-------- Material provided --------
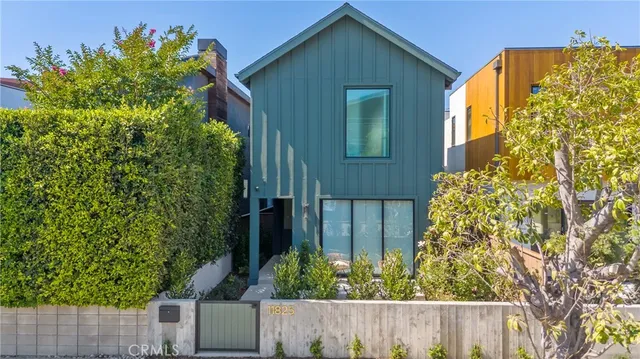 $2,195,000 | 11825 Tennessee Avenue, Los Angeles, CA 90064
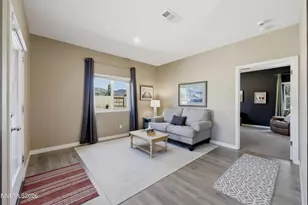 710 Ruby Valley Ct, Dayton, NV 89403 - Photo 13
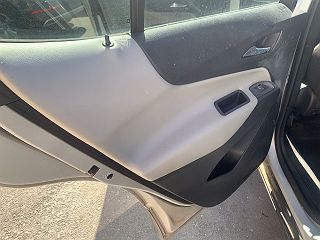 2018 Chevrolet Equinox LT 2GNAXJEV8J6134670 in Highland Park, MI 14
--------
◆ **Brief**
Write out all the data exactly, minus pictures.

◆ **Exercise result**
 $2,195,000 | 11825 Tennessee Avenue, Los Angeles, CA 90064
 710 Ruby Valley Ct, Dayton, NV 89403 - Photo 13
 2018 Chevrolet Equinox LT 2GNAXJEV8J6134670 in Highland Park, MI 14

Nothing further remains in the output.